Do Not Fall For The Best Product Fallacy

Whenever I speak to beauty consumers the number one question that I get asked is “What is the best product to use for _______?” Where the blank is a problem they want to be fixed. My answer never satisfies their quest for the best product, because I tell them that there is no such thing as the ‘best’ product. colour

Why do I believe this?

I believe to understand the quest for the best product, one must look at consumers and how they use beauty products.

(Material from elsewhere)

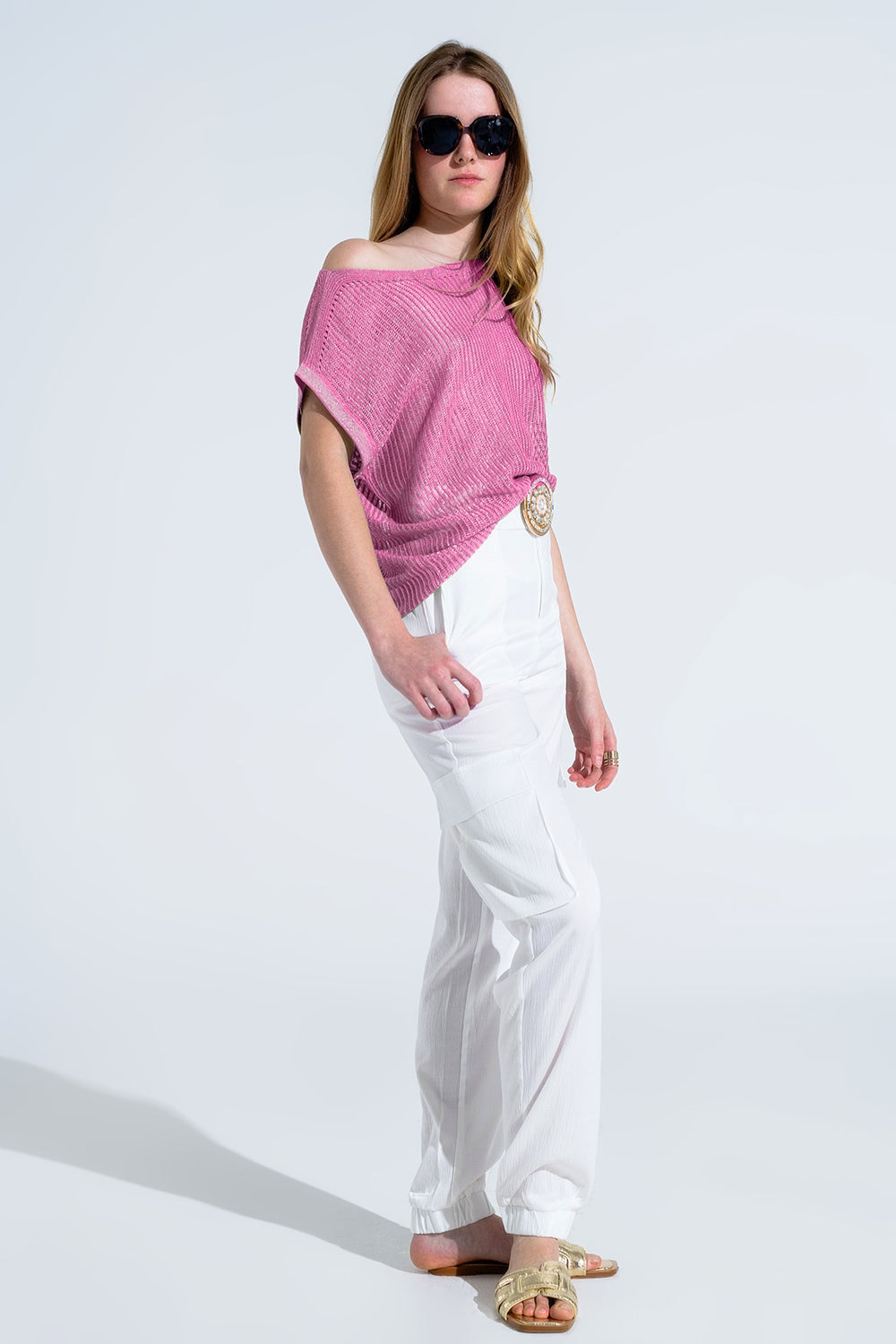 Boat Neck Ribbed Sweater With Cap Sleeves in pink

The following reasons are mutually exclusive of the changes a consumer can go through in their lifetime (changes brought about by travelling or age) and blind brand loyalty:

  • Impatience: Consumers rarely give products a time to have an effect – in their eyes beauty products need to have an immediate effect consistently. So even if the best product is made but it takes 3 months to see results, consumers won’t wait that long and would have switched to another product by that time.
  • Consumers change brands often: Female consumers are particularly guilty of this. Whenever I get the privilege to talk to female consumers about their relationship with beauty products and brands, two themes come up:

1) You must change your products often because your skin/hair becomes ‘used to’ the product.

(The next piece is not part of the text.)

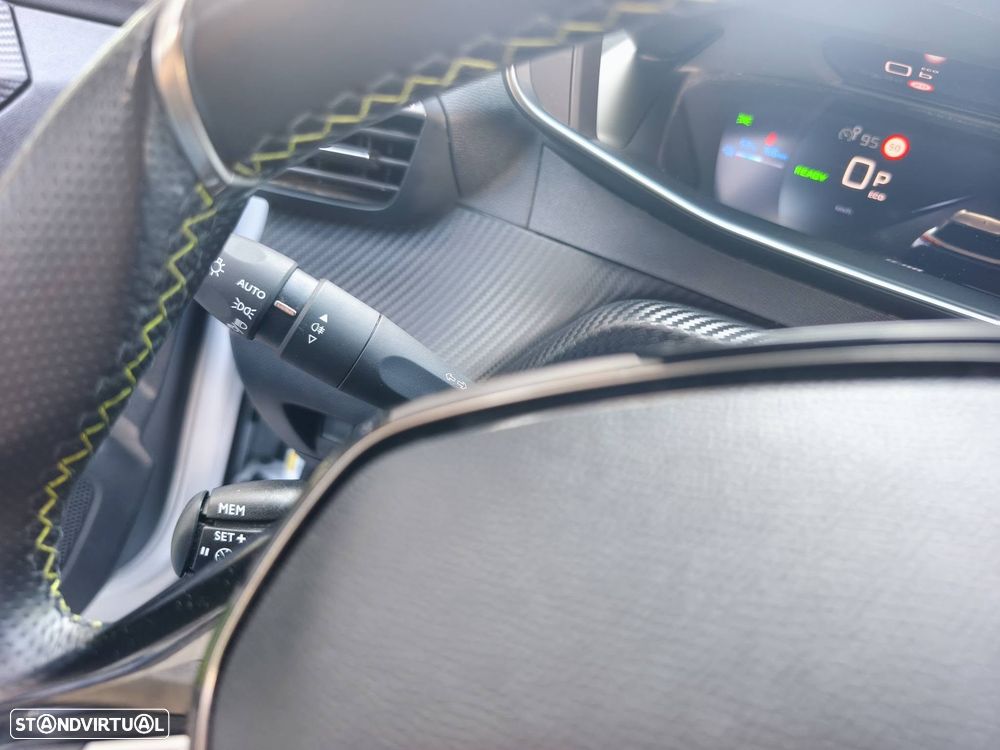 Peugeot e-2008 54 kWh GT - 17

2) You must keep using the same product because your skin/hair can get confused if you change products often.

In scenario one, there is no brand loyalty as a woman will always be changing her products, so she will never find her ‘best’ product. In the second scenario, there is no brand loyalty until a woman finds her ideal product – which comes with time as there is a lot of experimenting for her to find her ideal product.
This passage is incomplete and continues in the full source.